SUPPLIED ENTRIES:
++++++++
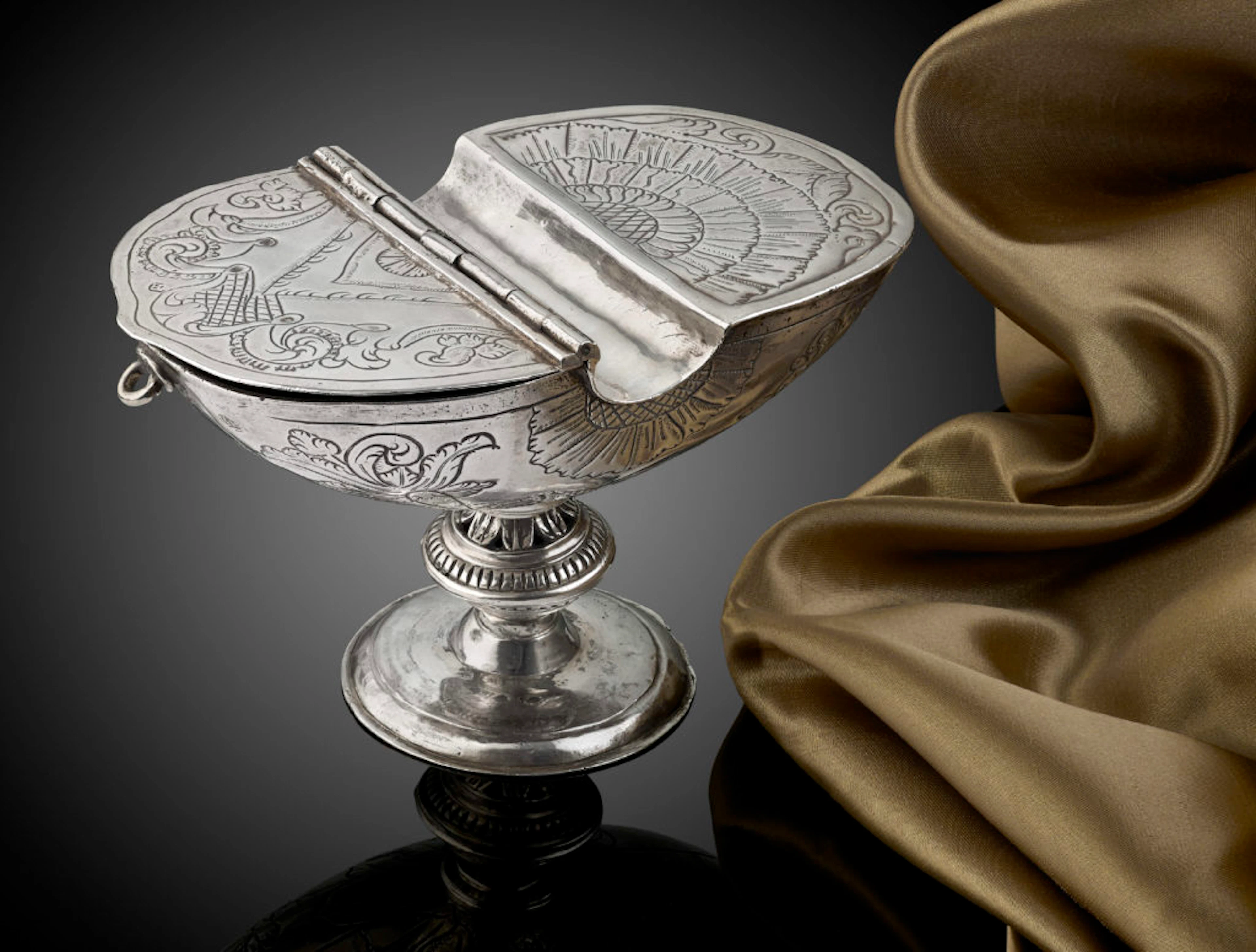 A rare Silver Incense Boat Spanish Colonial c.1680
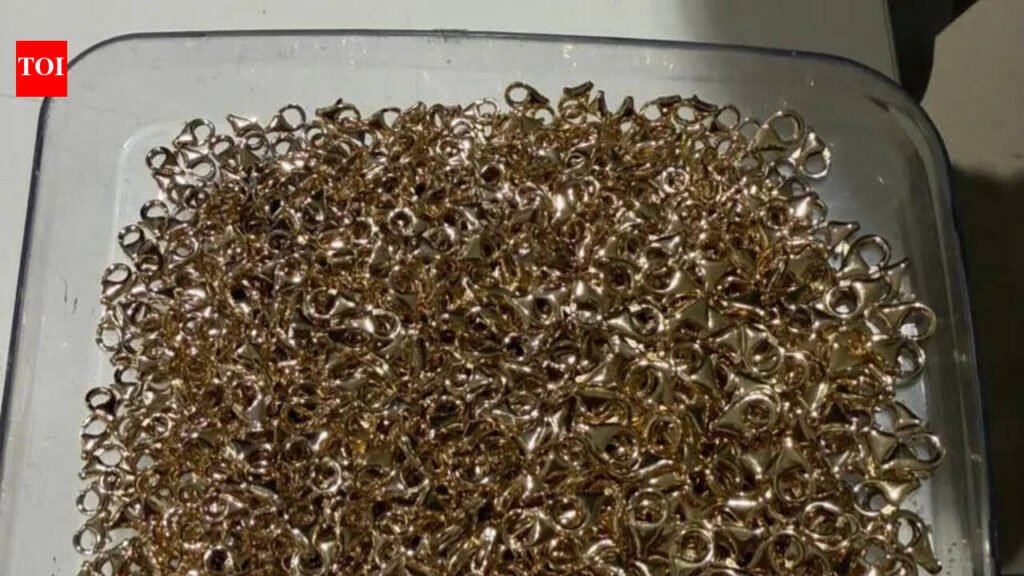 Man tries sneaking in gold worth ₹60L as hooks, arrested | Ahmedabad News
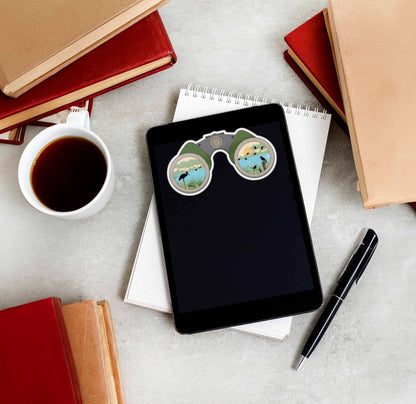 Binoculars Birdwatching Sticker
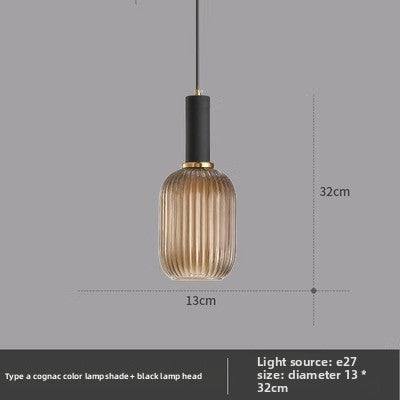 American retro glass chandelier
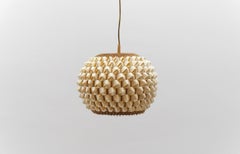 Mid-Century Modern Rattan Wicker Pendant Light, 1960s Italy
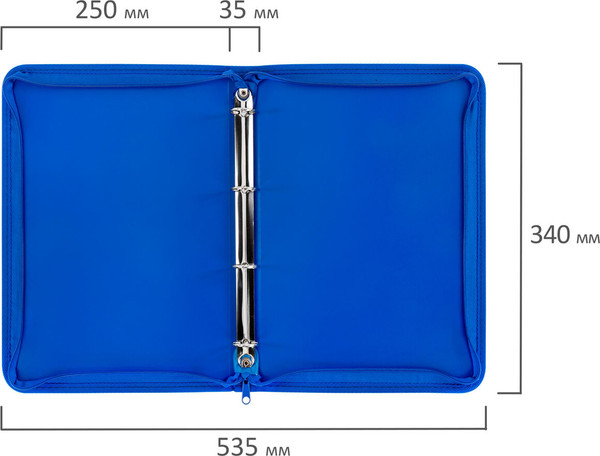 Изображение товара Папка для бумаг Brauberg Pixel / 273080 (темно-синий)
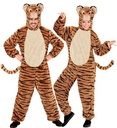 "TIGRE EN PELUCHE DOUX" (combinaison à capuche avec masque)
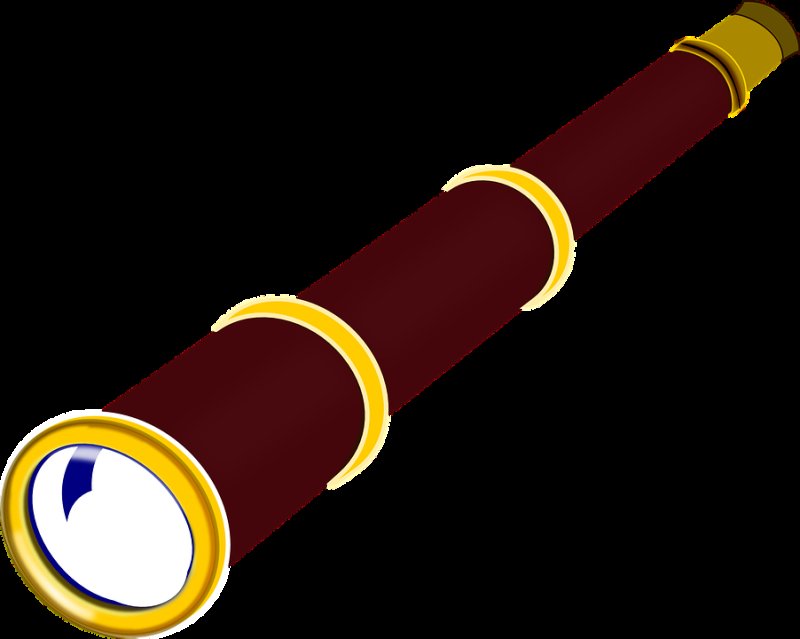 Подзорная труба вектор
++++++++
EXERCISE GOAL: Output exactly, and with no pictures, the lines from the line that holds "Man tries sneaking" through the last line of the listing above.

RESULT FOR THIS EXERCISE:
 Man tries sneaking in gold worth ₹60L as hooks, arrested | Ahmedabad News
 Binoculars Birdwatching Sticker
 American retro glass chandelier
 Mid-Century Modern Rattan Wicker Pendant Light, 1960s Italy
 Изображение товара Папка для бумаг Brauberg Pixel / 273080 (темно-синий)
 "TIGRE EN PELUCHE DOUX" (combinaison à capuche avec masque)
 Подзорная труба вектор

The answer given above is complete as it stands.